%%

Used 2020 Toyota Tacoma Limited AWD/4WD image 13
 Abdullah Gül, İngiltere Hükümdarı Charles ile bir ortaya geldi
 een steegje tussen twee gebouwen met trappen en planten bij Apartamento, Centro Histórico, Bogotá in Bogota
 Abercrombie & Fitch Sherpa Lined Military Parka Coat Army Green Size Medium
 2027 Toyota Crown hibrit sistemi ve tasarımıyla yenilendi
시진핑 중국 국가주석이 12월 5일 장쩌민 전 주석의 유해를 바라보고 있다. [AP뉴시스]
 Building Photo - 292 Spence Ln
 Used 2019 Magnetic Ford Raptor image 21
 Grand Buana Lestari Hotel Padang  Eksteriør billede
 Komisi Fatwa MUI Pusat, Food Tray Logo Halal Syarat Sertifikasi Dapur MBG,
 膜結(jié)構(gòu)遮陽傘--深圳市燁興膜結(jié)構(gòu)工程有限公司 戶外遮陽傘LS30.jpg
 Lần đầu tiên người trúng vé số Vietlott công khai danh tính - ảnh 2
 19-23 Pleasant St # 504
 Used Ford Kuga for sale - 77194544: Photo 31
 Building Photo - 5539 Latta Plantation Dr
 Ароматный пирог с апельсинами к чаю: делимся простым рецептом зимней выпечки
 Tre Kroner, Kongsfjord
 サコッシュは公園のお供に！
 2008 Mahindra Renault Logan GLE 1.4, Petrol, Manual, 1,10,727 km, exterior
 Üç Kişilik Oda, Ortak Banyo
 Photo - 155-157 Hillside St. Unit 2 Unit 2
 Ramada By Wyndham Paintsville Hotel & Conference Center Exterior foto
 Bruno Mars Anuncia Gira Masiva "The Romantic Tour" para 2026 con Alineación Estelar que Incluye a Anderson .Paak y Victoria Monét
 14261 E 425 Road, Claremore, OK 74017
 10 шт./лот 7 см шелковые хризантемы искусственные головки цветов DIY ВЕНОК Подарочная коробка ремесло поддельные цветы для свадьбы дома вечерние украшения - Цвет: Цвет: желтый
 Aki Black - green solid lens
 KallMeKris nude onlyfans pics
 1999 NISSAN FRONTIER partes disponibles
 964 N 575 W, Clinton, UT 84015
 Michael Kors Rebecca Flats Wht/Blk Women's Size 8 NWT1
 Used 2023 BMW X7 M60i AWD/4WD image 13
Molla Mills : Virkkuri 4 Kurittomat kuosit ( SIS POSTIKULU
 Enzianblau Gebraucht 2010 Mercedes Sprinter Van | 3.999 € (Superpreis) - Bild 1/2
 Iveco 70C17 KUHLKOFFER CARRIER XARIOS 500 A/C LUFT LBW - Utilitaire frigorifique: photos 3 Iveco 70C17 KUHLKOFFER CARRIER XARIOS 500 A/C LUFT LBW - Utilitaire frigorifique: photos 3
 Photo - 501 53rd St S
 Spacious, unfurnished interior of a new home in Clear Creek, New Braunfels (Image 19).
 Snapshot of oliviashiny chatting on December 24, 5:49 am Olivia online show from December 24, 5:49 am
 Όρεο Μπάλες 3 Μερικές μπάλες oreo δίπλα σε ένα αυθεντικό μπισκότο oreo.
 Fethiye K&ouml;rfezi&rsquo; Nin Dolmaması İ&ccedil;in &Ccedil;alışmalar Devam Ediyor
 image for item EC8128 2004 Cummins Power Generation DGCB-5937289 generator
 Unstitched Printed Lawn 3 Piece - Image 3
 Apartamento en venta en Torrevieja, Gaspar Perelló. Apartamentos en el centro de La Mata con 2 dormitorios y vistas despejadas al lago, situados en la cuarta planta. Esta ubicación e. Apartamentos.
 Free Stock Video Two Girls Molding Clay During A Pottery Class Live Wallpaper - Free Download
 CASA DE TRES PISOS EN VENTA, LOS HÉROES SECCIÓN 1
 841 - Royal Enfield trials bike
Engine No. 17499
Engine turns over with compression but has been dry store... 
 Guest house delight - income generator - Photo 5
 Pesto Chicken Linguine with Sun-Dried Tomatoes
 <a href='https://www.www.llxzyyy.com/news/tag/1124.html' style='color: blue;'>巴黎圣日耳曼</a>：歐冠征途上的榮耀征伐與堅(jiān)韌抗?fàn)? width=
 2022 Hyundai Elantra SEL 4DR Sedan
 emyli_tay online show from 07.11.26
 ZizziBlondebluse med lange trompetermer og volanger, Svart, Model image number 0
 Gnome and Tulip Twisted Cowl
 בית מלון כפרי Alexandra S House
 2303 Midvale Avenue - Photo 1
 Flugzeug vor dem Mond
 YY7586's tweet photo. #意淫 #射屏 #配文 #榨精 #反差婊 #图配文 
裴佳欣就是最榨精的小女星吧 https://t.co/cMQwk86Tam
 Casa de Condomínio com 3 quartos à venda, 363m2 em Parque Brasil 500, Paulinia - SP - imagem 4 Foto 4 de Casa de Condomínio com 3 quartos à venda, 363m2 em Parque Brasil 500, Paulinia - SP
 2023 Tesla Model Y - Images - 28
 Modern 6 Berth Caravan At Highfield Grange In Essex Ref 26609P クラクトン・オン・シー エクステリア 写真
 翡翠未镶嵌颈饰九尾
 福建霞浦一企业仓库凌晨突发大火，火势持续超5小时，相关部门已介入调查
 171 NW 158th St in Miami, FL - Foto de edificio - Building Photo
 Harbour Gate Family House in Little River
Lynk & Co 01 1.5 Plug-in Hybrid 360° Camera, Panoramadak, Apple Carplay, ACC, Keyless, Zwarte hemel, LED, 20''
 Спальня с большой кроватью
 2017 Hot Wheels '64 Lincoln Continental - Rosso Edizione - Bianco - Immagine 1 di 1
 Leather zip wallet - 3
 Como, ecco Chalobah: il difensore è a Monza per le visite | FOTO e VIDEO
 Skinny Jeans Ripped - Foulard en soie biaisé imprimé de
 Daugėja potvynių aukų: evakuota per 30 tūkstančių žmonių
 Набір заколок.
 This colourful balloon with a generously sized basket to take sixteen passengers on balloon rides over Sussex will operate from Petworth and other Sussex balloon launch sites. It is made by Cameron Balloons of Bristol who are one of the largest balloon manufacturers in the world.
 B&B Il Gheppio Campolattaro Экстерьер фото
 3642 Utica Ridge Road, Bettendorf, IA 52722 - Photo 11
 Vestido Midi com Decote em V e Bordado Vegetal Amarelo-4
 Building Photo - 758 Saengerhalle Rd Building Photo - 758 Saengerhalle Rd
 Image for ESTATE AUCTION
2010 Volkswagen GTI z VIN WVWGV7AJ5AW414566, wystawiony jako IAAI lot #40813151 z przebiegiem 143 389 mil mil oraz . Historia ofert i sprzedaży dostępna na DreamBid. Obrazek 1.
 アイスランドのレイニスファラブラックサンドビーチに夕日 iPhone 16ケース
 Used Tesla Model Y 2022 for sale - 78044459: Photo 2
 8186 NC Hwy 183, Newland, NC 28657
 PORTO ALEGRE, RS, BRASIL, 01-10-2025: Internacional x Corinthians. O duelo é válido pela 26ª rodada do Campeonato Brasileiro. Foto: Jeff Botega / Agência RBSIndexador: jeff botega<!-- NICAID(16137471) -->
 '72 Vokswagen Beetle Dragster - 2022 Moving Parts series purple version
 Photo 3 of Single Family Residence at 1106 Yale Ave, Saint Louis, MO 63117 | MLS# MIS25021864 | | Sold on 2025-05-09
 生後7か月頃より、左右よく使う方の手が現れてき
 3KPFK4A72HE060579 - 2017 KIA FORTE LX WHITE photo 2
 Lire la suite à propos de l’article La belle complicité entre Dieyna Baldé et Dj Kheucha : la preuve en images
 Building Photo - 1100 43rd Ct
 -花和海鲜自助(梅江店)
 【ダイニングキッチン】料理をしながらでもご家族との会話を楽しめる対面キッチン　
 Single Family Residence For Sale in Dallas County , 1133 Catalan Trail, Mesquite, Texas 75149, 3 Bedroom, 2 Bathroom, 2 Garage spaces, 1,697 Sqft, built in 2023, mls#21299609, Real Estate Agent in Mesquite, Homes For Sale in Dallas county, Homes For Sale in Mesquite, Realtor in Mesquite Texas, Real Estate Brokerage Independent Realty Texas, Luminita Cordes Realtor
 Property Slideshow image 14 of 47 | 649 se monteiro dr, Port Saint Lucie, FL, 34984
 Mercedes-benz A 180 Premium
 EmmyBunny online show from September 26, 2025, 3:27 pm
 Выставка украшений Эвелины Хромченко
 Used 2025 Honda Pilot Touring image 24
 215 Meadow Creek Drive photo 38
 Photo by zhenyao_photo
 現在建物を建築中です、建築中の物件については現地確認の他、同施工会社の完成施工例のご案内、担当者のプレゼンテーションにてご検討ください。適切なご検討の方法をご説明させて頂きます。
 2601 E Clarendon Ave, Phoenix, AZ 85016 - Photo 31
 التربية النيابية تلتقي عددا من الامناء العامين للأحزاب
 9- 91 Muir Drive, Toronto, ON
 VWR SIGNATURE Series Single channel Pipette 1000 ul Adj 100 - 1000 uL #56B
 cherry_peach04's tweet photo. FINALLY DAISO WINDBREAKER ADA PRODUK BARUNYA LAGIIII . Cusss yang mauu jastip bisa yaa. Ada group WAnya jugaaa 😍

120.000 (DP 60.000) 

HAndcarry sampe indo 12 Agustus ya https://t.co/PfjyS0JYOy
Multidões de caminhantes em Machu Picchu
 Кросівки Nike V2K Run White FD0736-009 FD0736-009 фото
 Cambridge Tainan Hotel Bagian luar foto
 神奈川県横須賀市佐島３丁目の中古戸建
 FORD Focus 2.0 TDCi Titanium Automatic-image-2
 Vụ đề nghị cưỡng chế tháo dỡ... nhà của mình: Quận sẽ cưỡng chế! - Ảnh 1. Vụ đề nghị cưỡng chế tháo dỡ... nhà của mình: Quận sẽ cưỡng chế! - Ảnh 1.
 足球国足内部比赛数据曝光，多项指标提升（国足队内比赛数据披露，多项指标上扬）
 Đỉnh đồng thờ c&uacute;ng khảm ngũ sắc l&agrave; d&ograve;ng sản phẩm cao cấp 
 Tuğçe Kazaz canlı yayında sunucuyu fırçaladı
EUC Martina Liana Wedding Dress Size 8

%%

■ **Try it**:
Nothing beyond the line that contains "Bruno Mars Anuncia" belongs in the answer; reproduce the entries exactly from their first line through it.

■ **Written response**:
Used 2020 Toyota Tacoma Limited AWD/4WD image 13
 Abdullah Gül, İngiltere Hükümdarı Charles ile bir ortaya geldi
 een steegje tussen twee gebouwen met trappen en planten bij Apartamento, Centro Histórico, Bogotá in Bogota
 Abercrombie & Fitch Sherpa Lined Military Parka Coat Army Green Size Medium
 2027 Toyota Crown hibrit sistemi ve tasarımıyla yenilendi
시진핑 중국 국가주석이 12월 5일 장쩌민 전 주석의 유해를 바라보고 있다. [AP뉴시스]
 Building Photo - 292 Spence Ln
 Used 2019 Magnetic Ford Raptor image 21
 Grand Buana Lestari Hotel Padang  Eksteriør billede
 Komisi Fatwa MUI Pusat, Food Tray Logo Halal Syarat Sertifikasi Dapur MBG,
 膜結(jié)構(gòu)遮陽傘--深圳市燁興膜結(jié)構(gòu)工程有限公司 戶外遮陽傘LS30.jpg
 Lần đầu tiên người trúng vé số Vietlott công khai danh tính - ảnh 2
 19-23 Pleasant St # 504
 Used Ford Kuga for sale - 77194544: Photo 31
 Building Photo - 5539 Latta Plantation Dr
 Ароматный пирог с апельсинами к чаю: делимся простым рецептом зимней выпечки
 Tre Kroner, Kongsfjord
 サコッシュは公園のお供に！
 2008 Mahindra Renault Logan GLE 1.4, Petrol, Manual, 1,10,727 km, exterior
 Üç Kişilik Oda, Ortak Banyo
 Photo - 155-157 Hillside St. Unit 2 Unit 2
 Ramada By Wyndham Paintsville Hotel & Conference Center Exterior foto
 Bruno Mars Anuncia Gira Masiva "The Romantic Tour" para 2026 con Alineación Estelar que Incluye a Anderson .Paak y Victoria Monét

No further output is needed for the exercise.